# ACTIVITY
In the entries below, find the string "Loose" and return each line holding it.

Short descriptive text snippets
####################

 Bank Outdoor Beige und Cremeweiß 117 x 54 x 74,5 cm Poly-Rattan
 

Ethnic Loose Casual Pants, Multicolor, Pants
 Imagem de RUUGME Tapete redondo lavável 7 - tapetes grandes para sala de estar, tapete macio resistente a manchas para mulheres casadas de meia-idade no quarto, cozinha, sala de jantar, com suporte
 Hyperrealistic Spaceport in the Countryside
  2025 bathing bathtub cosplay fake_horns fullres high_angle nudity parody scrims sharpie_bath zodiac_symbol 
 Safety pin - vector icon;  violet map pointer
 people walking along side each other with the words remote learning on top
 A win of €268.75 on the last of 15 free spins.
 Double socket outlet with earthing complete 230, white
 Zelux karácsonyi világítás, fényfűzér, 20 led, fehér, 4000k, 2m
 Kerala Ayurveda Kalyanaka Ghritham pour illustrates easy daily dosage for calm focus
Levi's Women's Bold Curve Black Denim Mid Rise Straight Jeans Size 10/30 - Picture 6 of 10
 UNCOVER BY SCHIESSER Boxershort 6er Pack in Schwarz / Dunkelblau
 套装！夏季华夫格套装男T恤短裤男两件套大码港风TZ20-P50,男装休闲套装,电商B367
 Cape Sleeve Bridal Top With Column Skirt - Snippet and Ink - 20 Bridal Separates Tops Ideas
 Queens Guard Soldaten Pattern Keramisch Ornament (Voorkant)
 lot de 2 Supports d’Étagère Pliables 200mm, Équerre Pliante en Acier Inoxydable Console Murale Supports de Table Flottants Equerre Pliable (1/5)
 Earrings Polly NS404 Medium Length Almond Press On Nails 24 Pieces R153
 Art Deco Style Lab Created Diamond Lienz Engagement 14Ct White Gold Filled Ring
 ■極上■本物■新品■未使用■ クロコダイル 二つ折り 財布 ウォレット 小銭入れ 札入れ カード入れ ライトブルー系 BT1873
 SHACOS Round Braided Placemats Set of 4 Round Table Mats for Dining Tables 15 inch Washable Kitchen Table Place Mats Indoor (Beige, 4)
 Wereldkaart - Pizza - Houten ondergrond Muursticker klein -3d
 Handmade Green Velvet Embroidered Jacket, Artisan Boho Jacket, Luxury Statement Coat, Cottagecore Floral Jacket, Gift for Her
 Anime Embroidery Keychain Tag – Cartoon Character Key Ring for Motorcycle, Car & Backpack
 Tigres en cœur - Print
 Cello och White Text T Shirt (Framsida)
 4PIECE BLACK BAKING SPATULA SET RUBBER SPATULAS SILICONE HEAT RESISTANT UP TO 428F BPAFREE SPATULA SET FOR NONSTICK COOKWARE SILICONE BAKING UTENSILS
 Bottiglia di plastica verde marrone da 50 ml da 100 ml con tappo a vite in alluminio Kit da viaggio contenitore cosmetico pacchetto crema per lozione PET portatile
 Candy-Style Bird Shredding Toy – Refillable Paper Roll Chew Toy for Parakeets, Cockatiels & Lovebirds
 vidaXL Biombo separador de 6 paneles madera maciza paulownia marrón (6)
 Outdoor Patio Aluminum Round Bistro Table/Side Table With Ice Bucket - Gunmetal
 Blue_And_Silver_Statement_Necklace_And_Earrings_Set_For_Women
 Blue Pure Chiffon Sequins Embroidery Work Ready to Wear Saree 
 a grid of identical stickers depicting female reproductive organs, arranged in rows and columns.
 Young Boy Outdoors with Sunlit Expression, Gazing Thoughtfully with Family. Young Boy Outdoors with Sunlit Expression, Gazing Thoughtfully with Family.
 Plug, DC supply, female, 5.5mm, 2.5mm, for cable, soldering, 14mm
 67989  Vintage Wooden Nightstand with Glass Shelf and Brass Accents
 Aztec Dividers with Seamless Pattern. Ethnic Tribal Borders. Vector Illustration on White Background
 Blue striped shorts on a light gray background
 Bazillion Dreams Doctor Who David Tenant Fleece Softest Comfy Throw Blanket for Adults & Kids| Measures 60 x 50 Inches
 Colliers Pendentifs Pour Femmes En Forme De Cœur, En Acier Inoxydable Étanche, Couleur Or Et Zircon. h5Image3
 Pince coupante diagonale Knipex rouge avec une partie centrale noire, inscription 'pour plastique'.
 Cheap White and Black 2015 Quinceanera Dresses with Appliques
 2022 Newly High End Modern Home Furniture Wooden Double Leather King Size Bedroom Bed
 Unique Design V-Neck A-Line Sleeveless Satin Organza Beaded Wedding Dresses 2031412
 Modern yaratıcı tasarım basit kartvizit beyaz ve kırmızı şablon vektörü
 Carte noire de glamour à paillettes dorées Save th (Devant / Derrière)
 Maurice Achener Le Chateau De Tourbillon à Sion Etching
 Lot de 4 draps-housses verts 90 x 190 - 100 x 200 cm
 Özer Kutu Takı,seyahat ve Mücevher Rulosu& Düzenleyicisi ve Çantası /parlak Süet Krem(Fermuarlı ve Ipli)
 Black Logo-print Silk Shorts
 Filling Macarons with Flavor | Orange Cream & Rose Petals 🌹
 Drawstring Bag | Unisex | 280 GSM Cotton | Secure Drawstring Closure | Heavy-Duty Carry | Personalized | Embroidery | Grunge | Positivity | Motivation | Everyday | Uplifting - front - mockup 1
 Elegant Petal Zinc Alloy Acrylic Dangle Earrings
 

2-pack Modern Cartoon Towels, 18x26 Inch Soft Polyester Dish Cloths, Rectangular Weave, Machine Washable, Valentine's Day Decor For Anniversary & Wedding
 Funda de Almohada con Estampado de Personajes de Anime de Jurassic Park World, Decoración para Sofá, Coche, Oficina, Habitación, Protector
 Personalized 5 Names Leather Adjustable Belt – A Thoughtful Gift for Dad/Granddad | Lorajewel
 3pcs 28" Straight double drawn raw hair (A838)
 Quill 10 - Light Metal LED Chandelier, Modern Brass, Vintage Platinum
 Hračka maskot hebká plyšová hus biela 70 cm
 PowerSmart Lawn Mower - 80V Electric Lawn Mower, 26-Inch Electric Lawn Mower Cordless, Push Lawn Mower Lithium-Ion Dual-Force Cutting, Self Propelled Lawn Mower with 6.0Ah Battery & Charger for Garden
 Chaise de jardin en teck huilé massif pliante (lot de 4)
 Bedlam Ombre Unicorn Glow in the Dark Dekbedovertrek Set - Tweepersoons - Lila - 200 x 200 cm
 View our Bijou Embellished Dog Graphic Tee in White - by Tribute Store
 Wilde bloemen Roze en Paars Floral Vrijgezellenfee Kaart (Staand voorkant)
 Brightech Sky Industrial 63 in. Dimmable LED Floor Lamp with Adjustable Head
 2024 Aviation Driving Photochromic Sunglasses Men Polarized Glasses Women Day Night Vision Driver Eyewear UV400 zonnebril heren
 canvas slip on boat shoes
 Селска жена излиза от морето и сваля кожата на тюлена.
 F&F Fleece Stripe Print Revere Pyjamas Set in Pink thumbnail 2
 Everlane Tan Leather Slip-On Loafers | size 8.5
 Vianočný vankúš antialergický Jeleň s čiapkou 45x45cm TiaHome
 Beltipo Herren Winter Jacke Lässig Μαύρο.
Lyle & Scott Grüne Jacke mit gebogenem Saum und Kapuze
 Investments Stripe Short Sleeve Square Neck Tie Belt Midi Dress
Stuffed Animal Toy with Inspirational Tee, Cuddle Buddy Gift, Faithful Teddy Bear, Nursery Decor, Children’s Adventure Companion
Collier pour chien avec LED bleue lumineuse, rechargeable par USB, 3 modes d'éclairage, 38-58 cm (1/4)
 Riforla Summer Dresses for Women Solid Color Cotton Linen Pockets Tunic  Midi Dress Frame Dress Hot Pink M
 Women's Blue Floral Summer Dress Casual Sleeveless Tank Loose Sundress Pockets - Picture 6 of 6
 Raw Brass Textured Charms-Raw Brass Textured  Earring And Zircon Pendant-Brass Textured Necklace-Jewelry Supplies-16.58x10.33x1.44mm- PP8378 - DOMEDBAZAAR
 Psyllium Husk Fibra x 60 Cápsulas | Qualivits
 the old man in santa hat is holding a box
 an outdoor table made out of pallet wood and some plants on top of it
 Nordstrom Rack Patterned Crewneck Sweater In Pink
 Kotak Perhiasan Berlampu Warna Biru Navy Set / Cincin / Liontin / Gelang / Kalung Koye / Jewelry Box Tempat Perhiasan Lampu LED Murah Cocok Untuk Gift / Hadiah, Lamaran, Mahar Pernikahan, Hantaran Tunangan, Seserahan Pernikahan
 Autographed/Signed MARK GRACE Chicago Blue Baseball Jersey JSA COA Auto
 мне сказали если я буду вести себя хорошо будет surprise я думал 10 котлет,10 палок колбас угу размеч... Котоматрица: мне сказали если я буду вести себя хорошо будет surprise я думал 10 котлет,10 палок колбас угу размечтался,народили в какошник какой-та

####################

# YOUR RESPONSE
Ethnic Loose Casual Pants, Multicolor, Pants
 Women's Blue Floral Summer Dress Casual Sleeveless Tank Loose Sundress Pockets - Picture 6 of 6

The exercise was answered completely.